Your instructions.
Each record, minus any picture, should be returned exactly as written.

[Captioned web images]
_ _ _ _

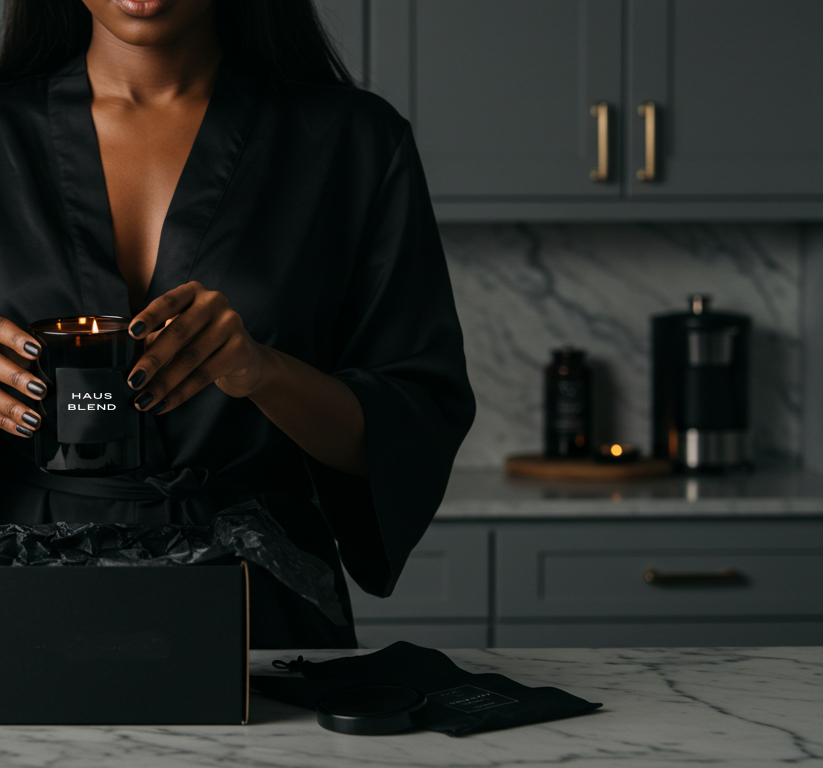 HAUS DISCOVERY soy-coconut scented candle Subscription: person holding a candle in a dark interior — Predominantly Black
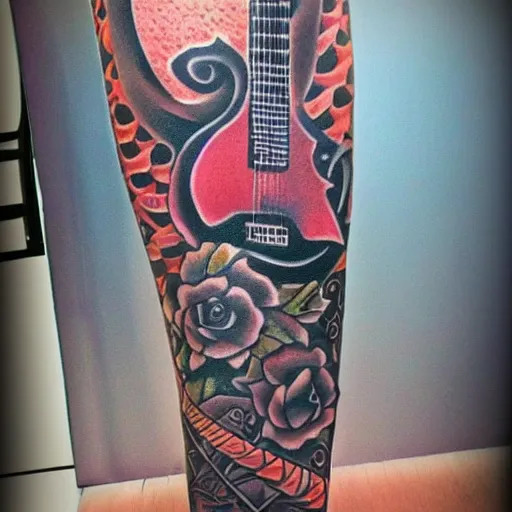 Image similar to Shark and guitar, roses and coins on the background, design in the Maori style for a tattoo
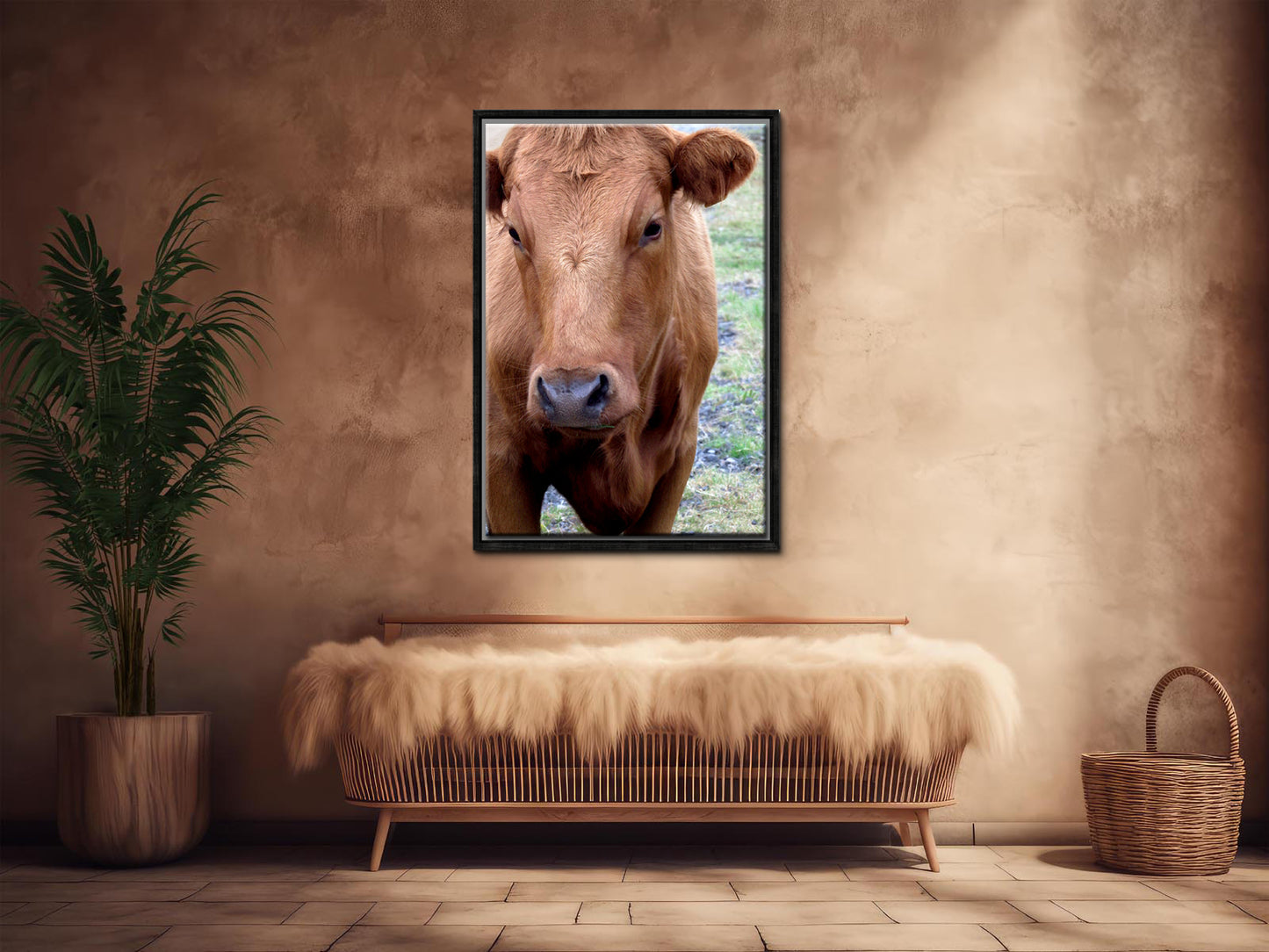 Beautiful brown cow in the green fields of Iceland. Framed canvas wall art by Kristen Olivares.
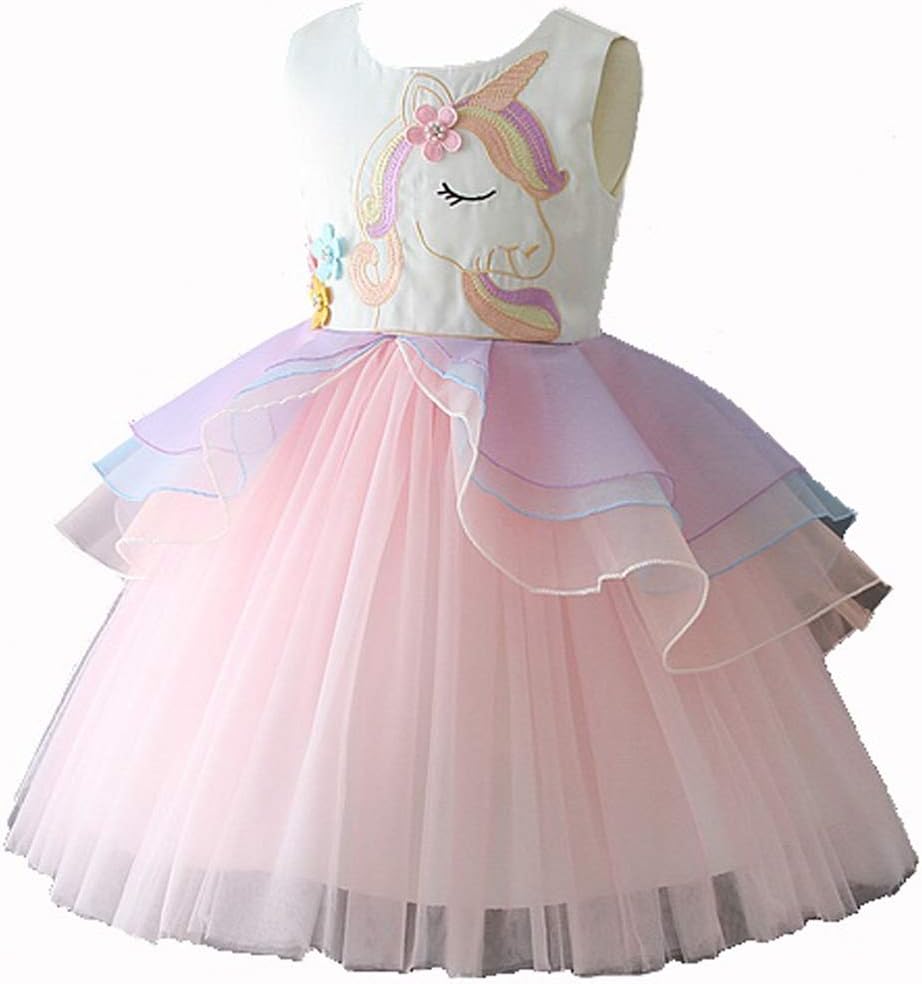 Girls Princess Unicorn Tutu Costume Dress Dancing Tulle Summer Sleeveless Cosplay Birthday Party Fancy up Dress (Pink, 9 - 10 years)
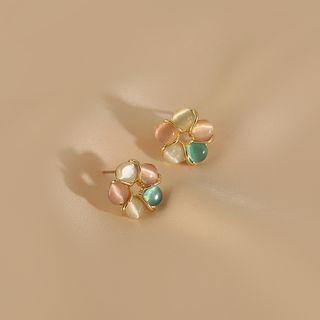 Cats Eye Stone Floral Stud Earring 1 Pair - Pink & Green - One Size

_ _ _ _

Answer to the problem.
 HAUS DISCOVERY soy-coconut scented candle Subscription: person holding a candle in a dark interior — Predominantly Black
 Image similar to Shark and guitar, roses and coins on the background, design in the Maori style for a tattoo
 Beautiful brown cow in the green fields of Iceland. Framed canvas wall art by Kristen Olivares.
 Girls Princess Unicorn Tutu Costume Dress Dancing Tulle Summer Sleeveless Cosplay Birthday Party Fancy up Dress (Pink, 9 - 10 years)
 Cats Eye Stone Floral Stud Earring 1 Pair - Pink & Green - One Size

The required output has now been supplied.